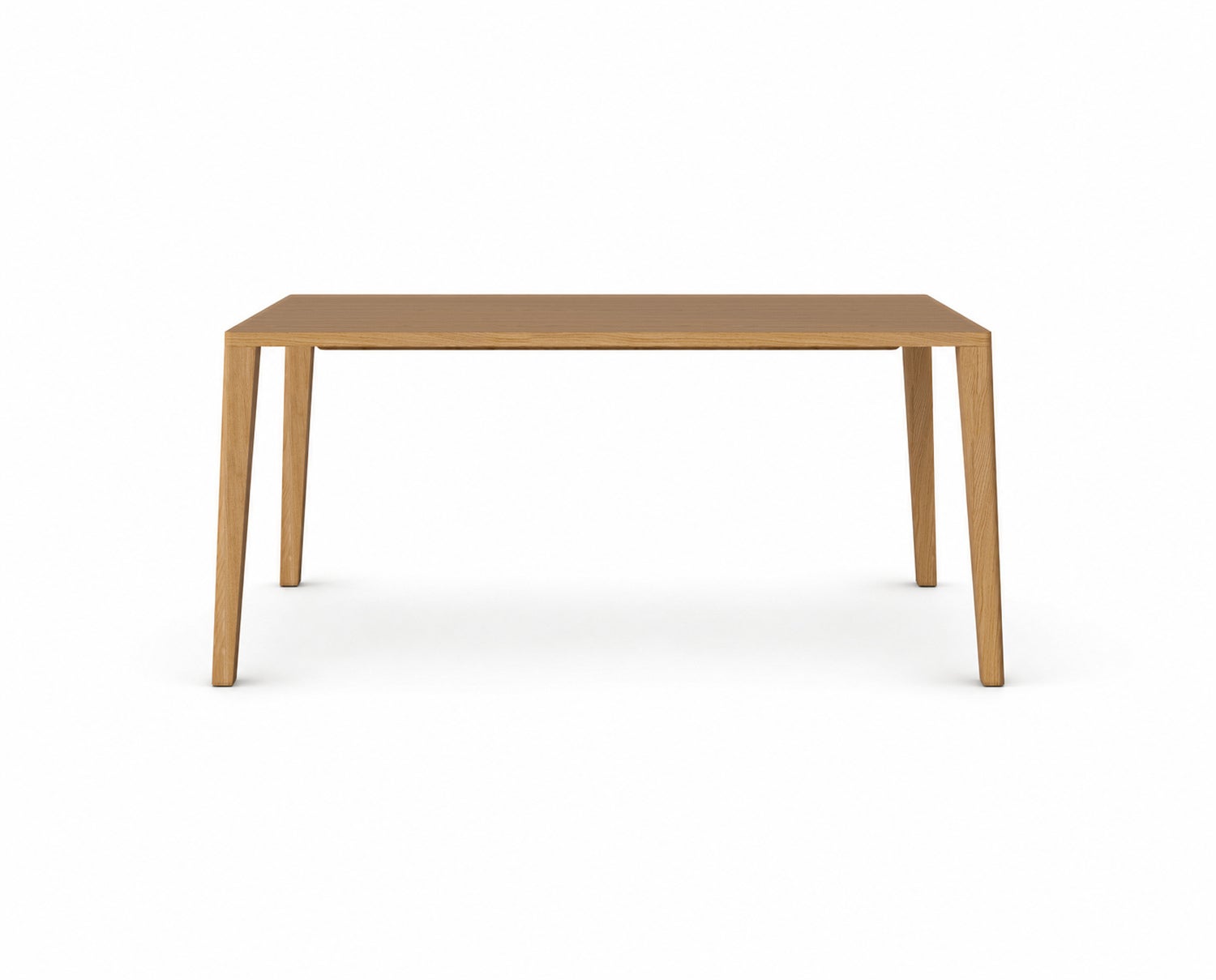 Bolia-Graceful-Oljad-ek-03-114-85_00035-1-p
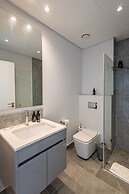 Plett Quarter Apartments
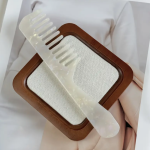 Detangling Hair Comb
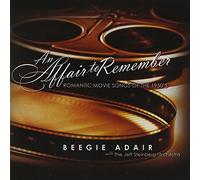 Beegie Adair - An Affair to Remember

==

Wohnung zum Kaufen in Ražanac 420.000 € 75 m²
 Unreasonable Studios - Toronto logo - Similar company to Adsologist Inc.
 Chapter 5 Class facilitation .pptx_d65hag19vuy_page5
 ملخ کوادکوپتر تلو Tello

--

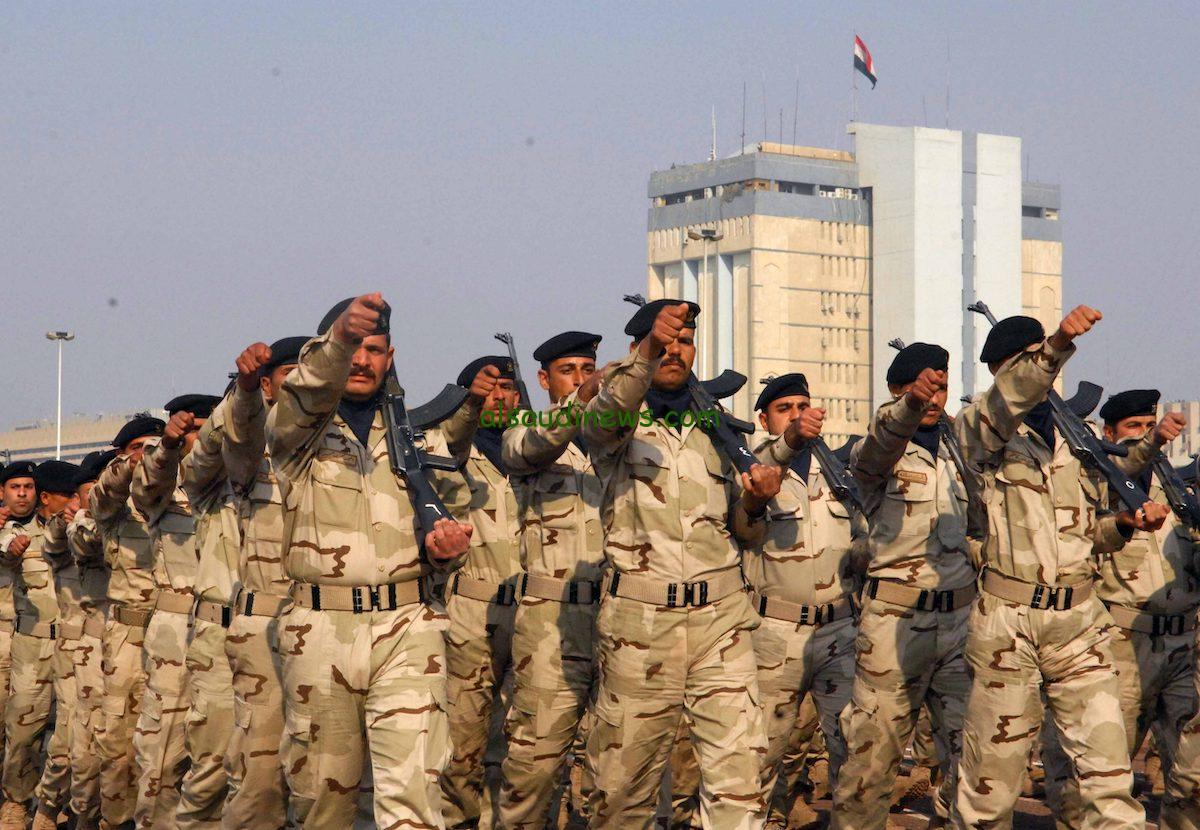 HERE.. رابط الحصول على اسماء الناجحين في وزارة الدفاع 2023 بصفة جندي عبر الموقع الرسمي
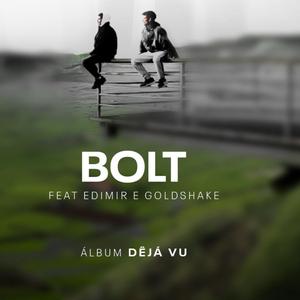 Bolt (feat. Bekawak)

*Exercise aim*: Only the lines above from the line with "Chapter 5 Class" to the line with "ملخ کوادکوپتر تلو Tello", those two lines included, should be reproduced exactly.

*The completed task*:
 Chapter 5 Class facilitation .pptx_d65hag19vuy_page5
 ملخ کوادکوپتر تلو Tello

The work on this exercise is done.